◆ TRY IT ◆
Output only the lines below from the one containing "1:1 Replica Christian" to the one containing "OBSESSION Project File", exactly as written, both ends kept.

◆ DATA FOR ANALYSIS ◆
------------------------------------------------
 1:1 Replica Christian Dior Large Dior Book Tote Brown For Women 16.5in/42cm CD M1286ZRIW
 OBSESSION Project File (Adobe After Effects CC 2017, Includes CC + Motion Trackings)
------------------------------------------------
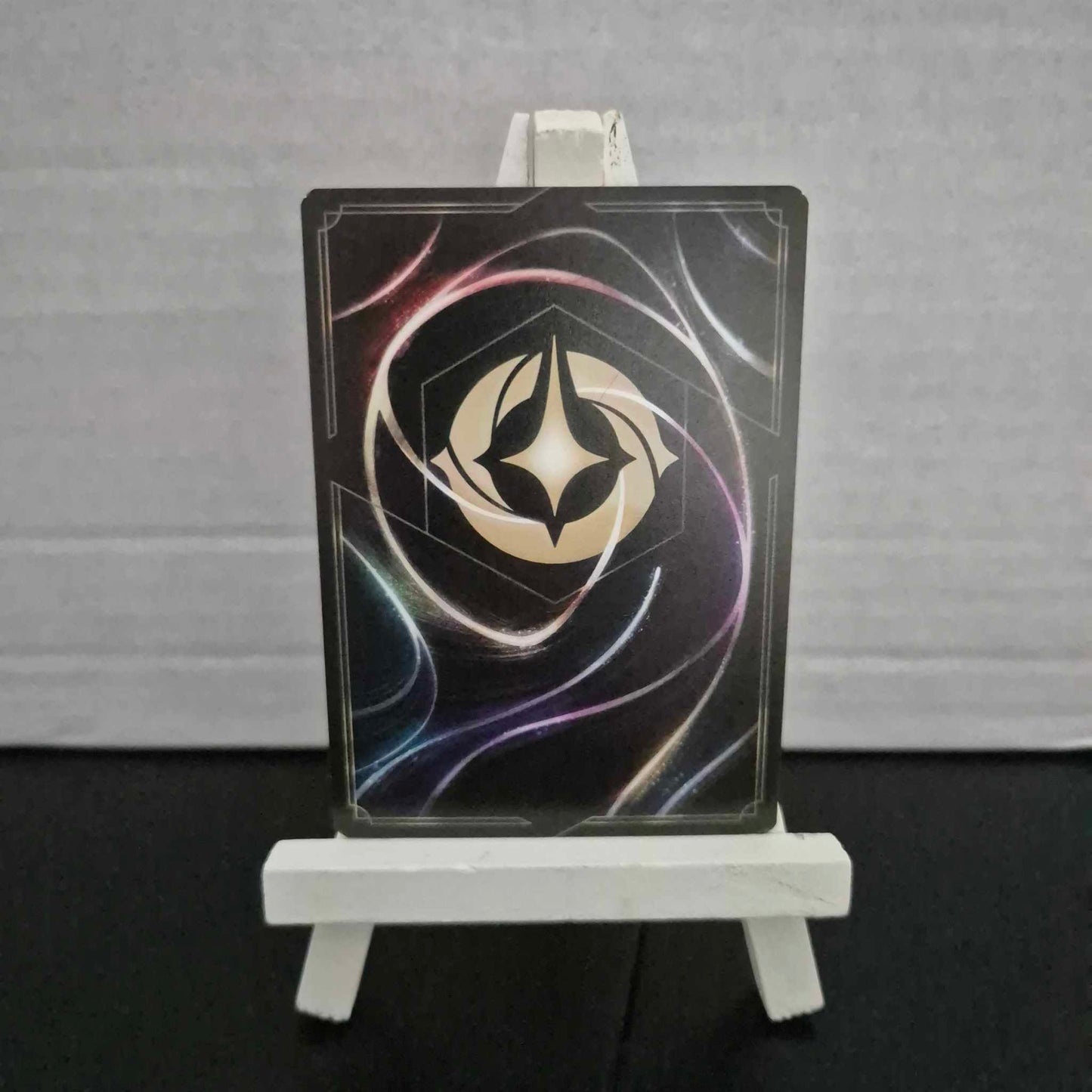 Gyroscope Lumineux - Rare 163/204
------------------------------------------------
◆ THE ANSWER ◆
 1:1 Replica Christian Dior Large Dior Book Tote Brown For Women 16.5in/42cm CD M1286ZRIW
 OBSESSION Project File (Adobe After Effects CC 2017, Includes CC + Motion Trackings)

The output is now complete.